200 ans de lutte pour le patrimoine

Par Félix Lajoie, Le Soleil

16 février 2025 à 04h00

Jusqu’au 9 juin, les visiteurs peuvent découvrir l’exposition du jeudi au dimanche de 10 h à 17 h. (Yan Doublet/Archives Le Soleil)

Depuis maintenant deux siècles, les résidents du Vieux-Québec et de Sillery font des pieds et des mains afin de protéger leur patrimoine historique. Une exposition à l’Îlot des Palais met en valeur le travail de protection qui a été accompli au fil des années dans ces deux arrondissements.


L’exposition Deux siècles de luttes pour le patrimoine dans le Vieux-Québec et à Sillery permet aux visiteurs de découvrir «le processus» qui a mené à la création des deux arrondissements historiques que sont Sillery et le Vieux-Québec.

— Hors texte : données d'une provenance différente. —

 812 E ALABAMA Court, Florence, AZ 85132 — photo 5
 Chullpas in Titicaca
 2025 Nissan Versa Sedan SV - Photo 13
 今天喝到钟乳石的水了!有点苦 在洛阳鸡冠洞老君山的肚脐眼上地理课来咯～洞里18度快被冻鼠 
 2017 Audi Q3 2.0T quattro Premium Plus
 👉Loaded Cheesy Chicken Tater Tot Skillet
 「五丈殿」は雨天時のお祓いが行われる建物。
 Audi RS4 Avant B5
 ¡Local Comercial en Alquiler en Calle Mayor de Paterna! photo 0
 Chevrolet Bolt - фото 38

Elle souligne également le 40e anniversaire de l’inscription du Vieux-Québec à la liste des sites du patrimoine mondial de l’UNESCO et le 60e anniversaire de la création du site patrimonial de Sillery.

«Nous avons voulu montrer que les citoyens jouent un rôle majeur dans la protection et la mise en valeur de ces deux sites patrimoniaux depuis le 19e siècle», indique Alex Tremblay Lamarche, directeur de la Société du patrimoine urbain de Québec.

«Nous avons réussi à réunir une série d’objets de photos d’archives qui montrent que Québec est passée d’une ville où le patrimoine est perçu comme une entrave à la modernité à une ville où on en est fier et où on le met en valeur.»

— Alex Tremblay Lamarche, directeur de la Société du patrimoine urbain de Québec.

Deux siècles de luttes pour le patrimoine dans le Vieux-Québec et à Sillery rassemble plusieurs artéfacts et photographies d’archives. (Société du patrimoine urbain de Québec)

«Cette exposition, en plus de démontrer les liens qui ont toujours uni ces deux sites patrimoniaux déclarés, atteste l’importance de la collaboration nécessaire entre les organismes d’histoire», souligne Jean-Louis Vallée, président de la Société d’histoire de Sillery.

Deux siècles de luttes pour le patrimoine dans le Vieux-Québec et à Sillery a été développé par la muséologue Nathasha Courtiol grâce au soutien financier de Jeunesse Canada au Travail et de l’Entente de développement culturel de la Ville de Québec.

Jusqu’au 9 juin, les visiteurs peuvent découvrir l’exposition du jeudi au dimanche de 10 h à 17 h. Du 10 au 29 juin, l’exposition sera ouverte du mardi au dimanche, aux mêmes heures. Dès le 30 juin, elle sera ouverte tous les jours. L’exposition se termine en septembre prochain.